Julio Gómez Biedma, En otros mundos
Uma das coisas que o êxito político do PAN (Partido das
Pessoas, Animais e Natureza) torna manifesta, apesar de não ser tema de
reflexão, é o fim da cosmovisão cristã nas sociedades actuais. Desde os séculos
XV e XVI que essa cosmovisão está sob cerrado ataque. No entanto, durante muito
tempo, esse ataque concentrou-se apenas na secularização dos grandes valores
cristãos. Nas diversas doutrinas dos direitos humanos, ainda se sente a
influência de uma cultura onde os homens foram criados à imagem e
semelhança de Deus, onde Deus, feito homem, morreu pela salvação da humanidade. Mesmo numa ideologia aparentemente tão antagónica ao cristianismo como o comunismo se ouve o ressoar nítido dos valores cristãos.

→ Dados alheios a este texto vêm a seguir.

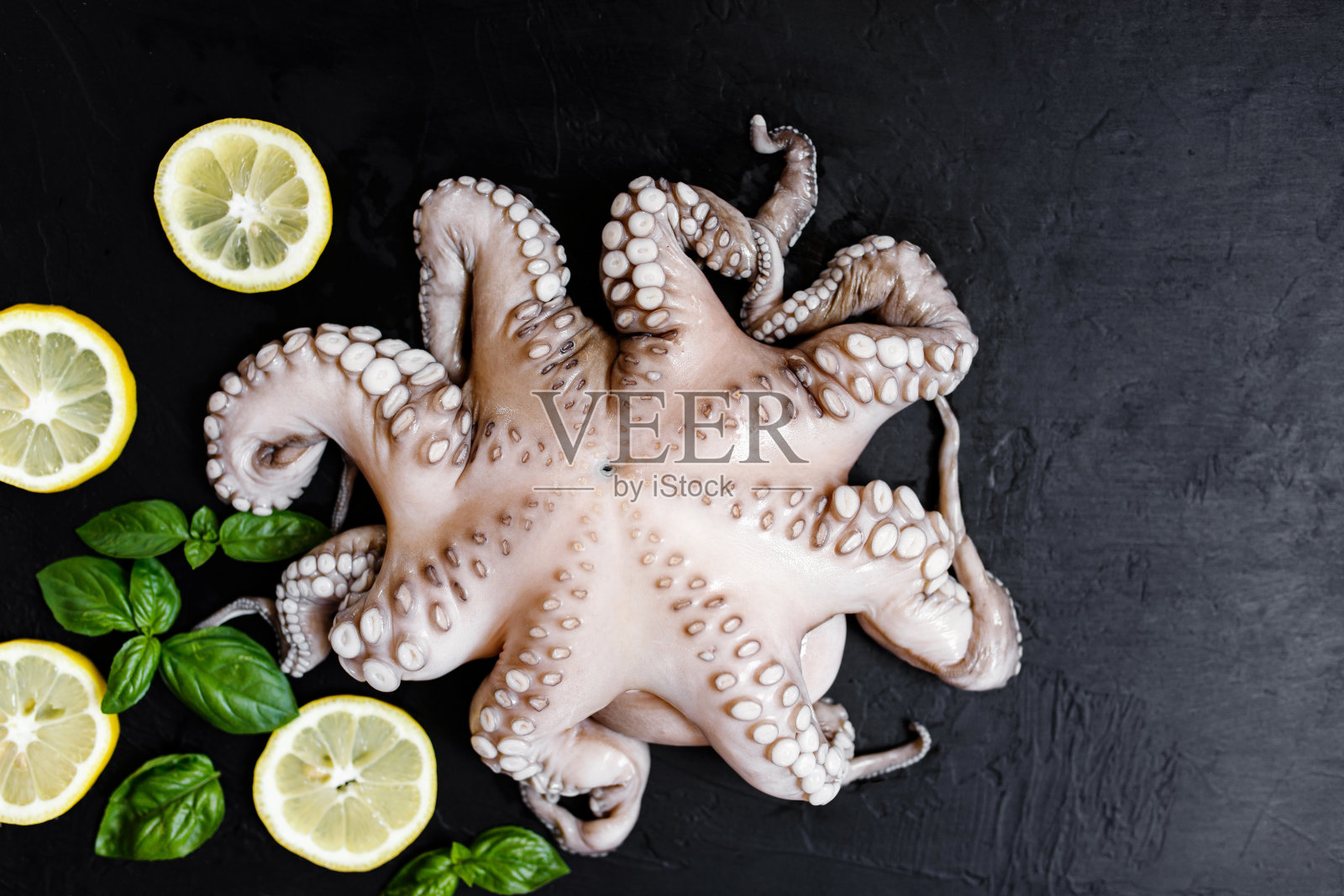 黑色背景上的健康鱼类和海鲜品种。前视图。海鲜在黑色的乡村背景。照片摄影图片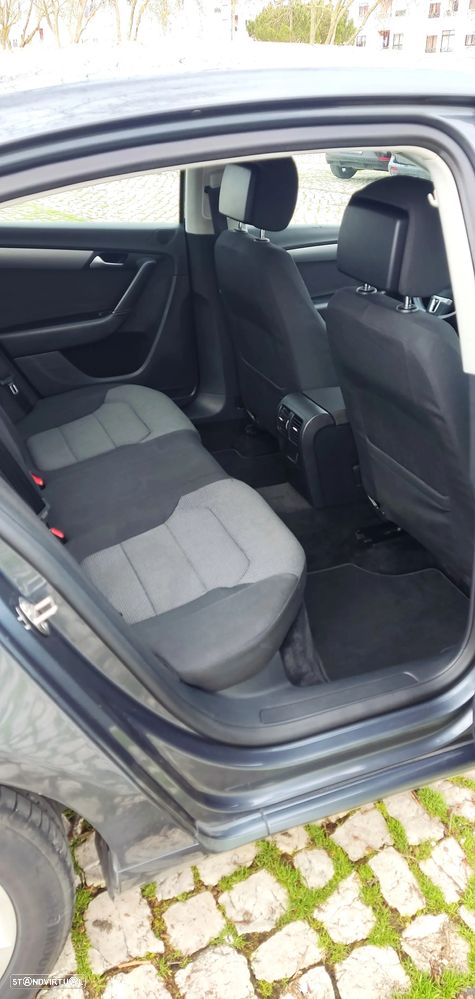 VW Passat 1.6 TDI BlueMotion - 9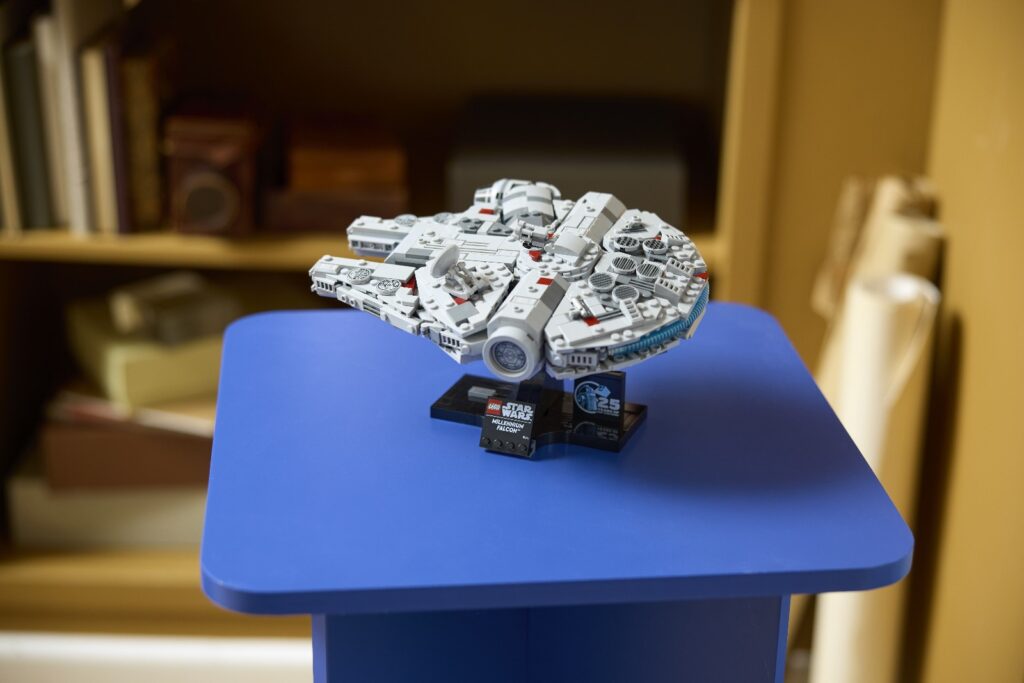 Millennium Falcon LEGO 75375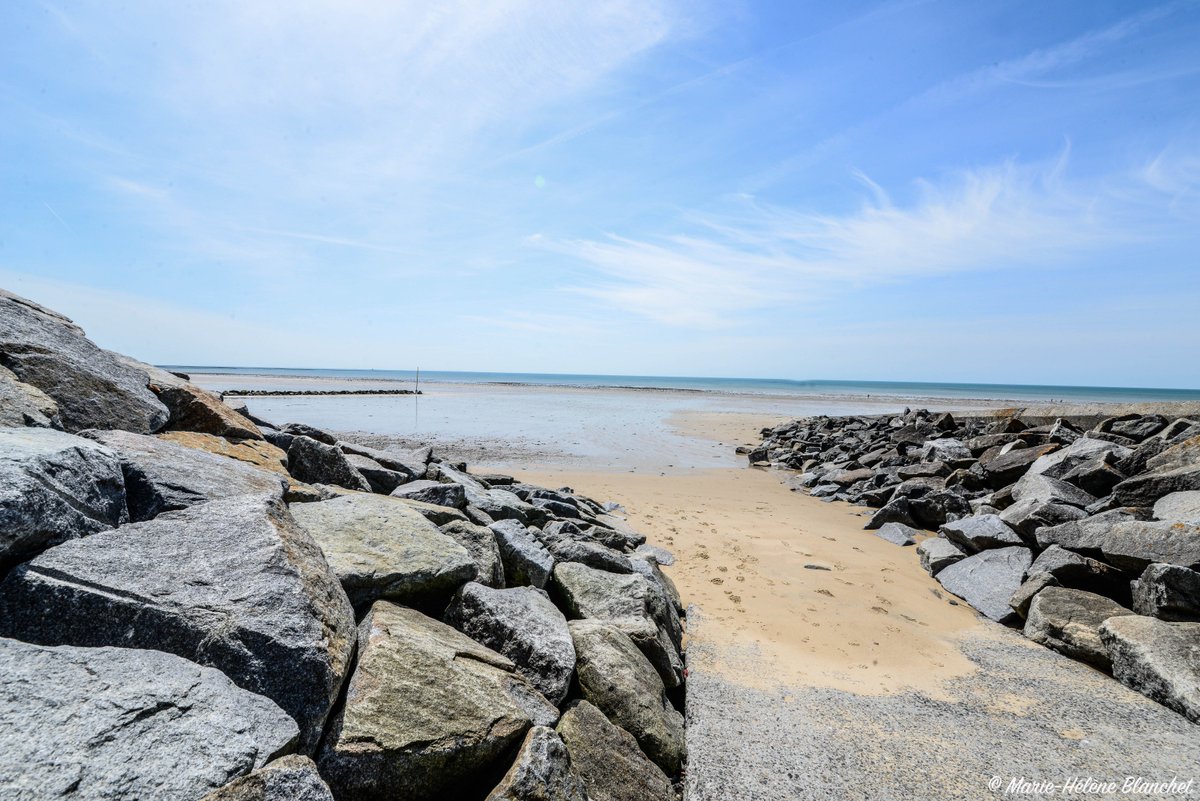 mhb_prod's tweet photo. Agon Coutainville 18/05/18 #mer #normandie #agon #sea #normandy https://t.co/j3meOQxw54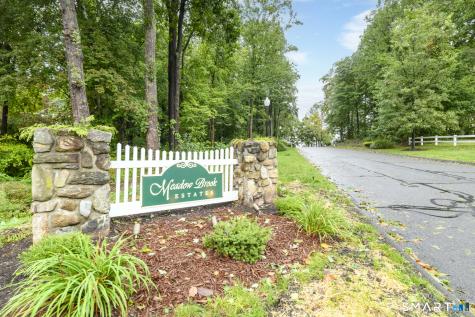 207 Woodlawn Drive Seymour CT 06483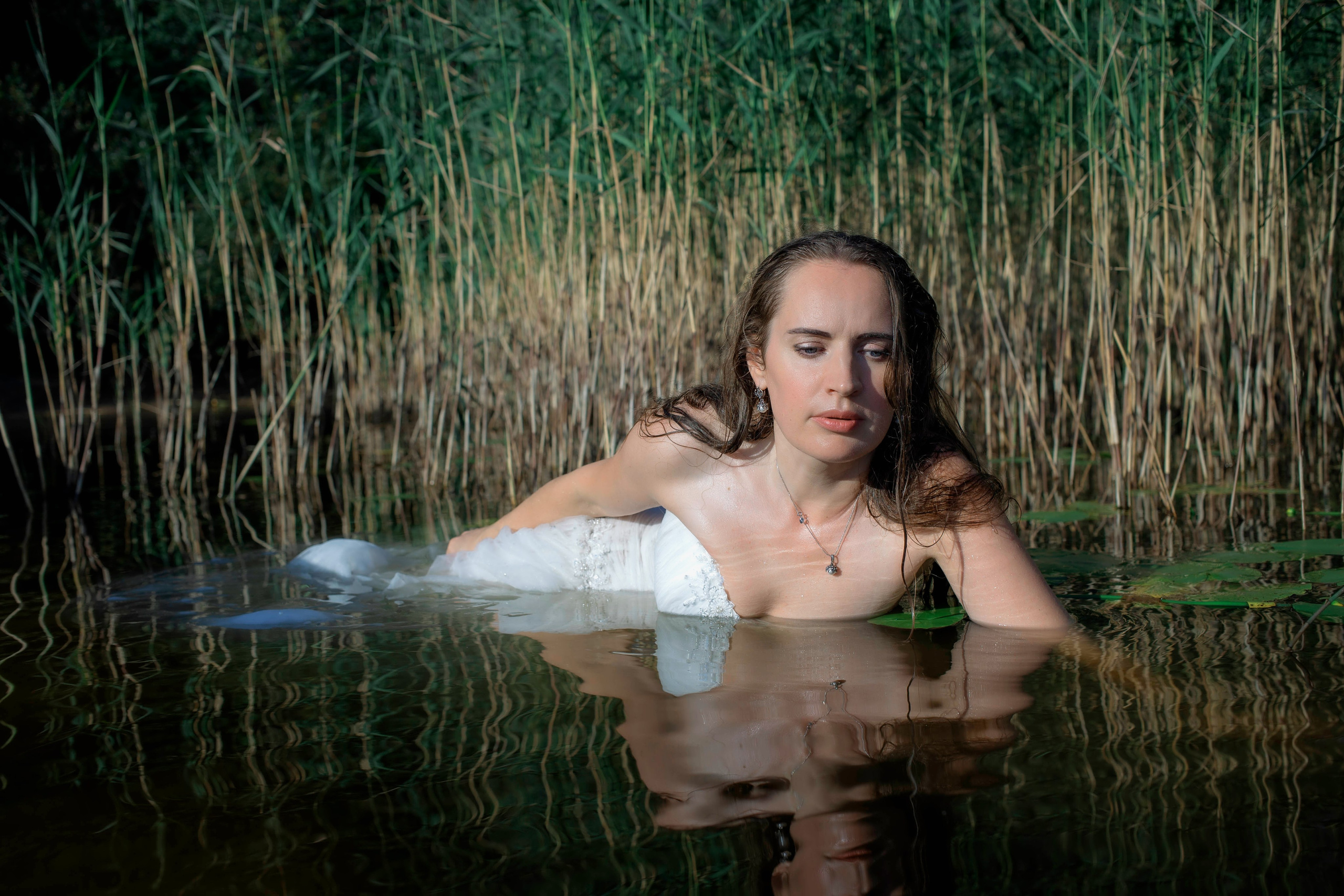 Вторая жизнь свадебного платья: фотосессия на озере под Санкт-Петербургом. Портретные фотосессии, контент-съемки, репортаж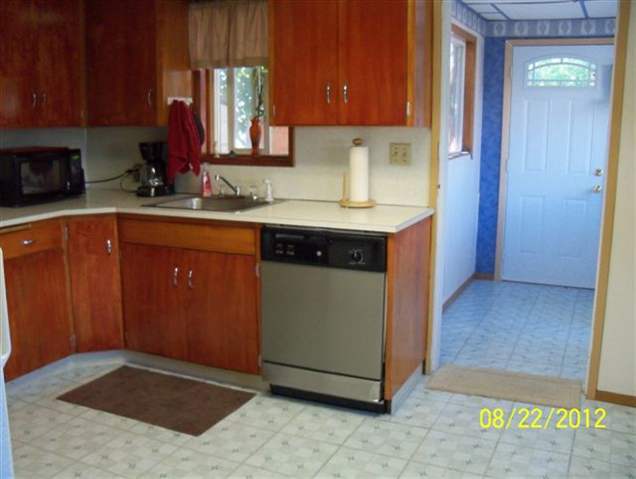 5631 E Commerce Ave - Photo 3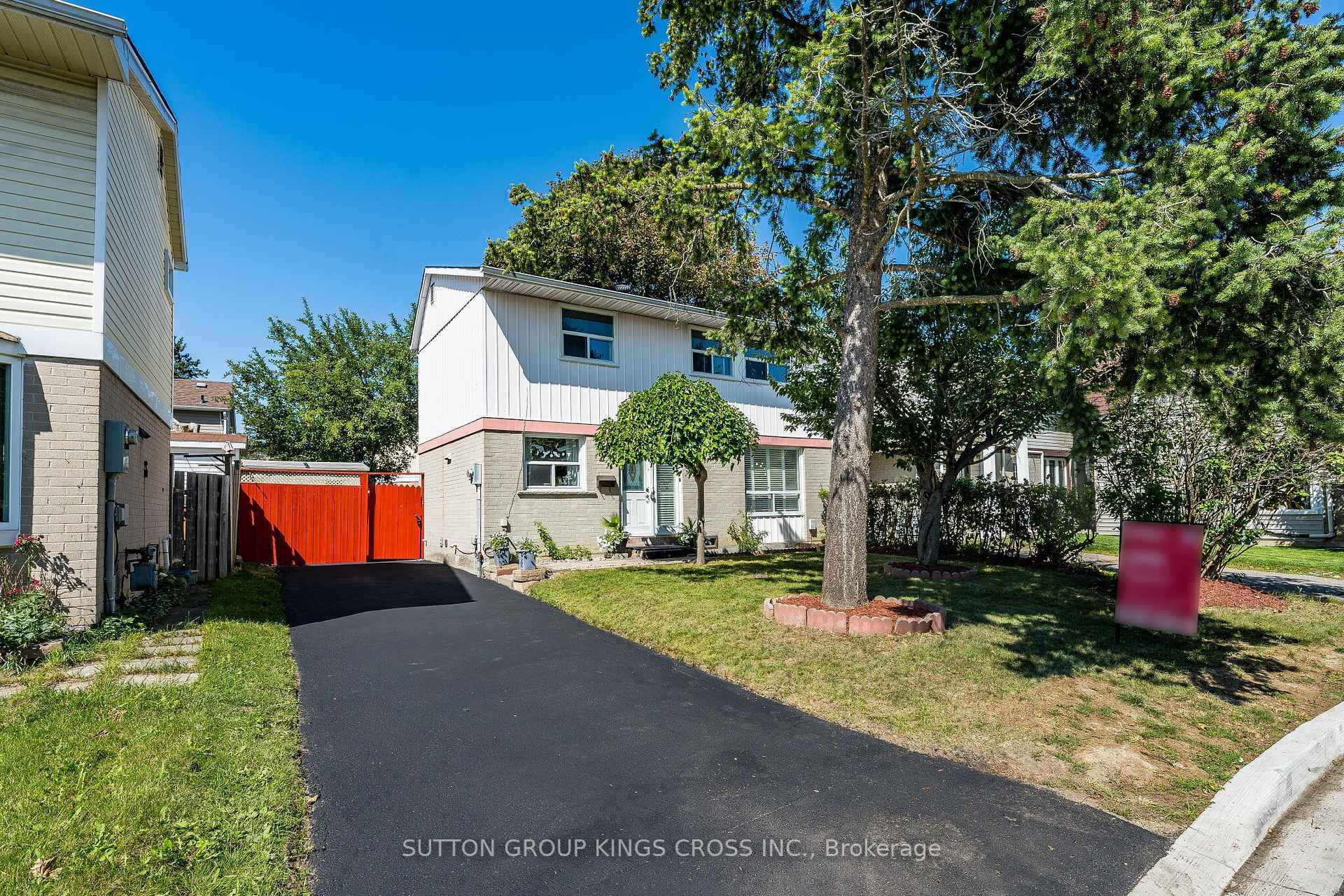 Photo 2 of 2 Hemlark Court, Brampton, Central Park — HOMEH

Não há nada de mais anticristão do que essa linha de
continuidade “pessoas, animais, natureza” presente na própria designação do PAN. Se o cristianismo mostra alguma coisa,
essa é que o homem não é um ser natural. A permeabilidade da sociedade a
ideologias que não compreendem já uma linha de ruptura entre o homem e as
outras espécies significa que ela deixou já de ser – ou está prestes a deixar
de ser – culturalmente cristã, mesmo que de forma secularizada. A atracção que o PAN exerce não é uma coisa
inócua. Nela revela-se algo de novo. Não se trata de um neopaganismo como, por
vezes, se pensa, pois os deuses pagãos são um sinal da descontinuidade entre o
homem e os outros animais. Trata-se antes de algo que ainda não compreendemos e
muito menos conseguimos avaliar as consequências políticas e civilizacionais.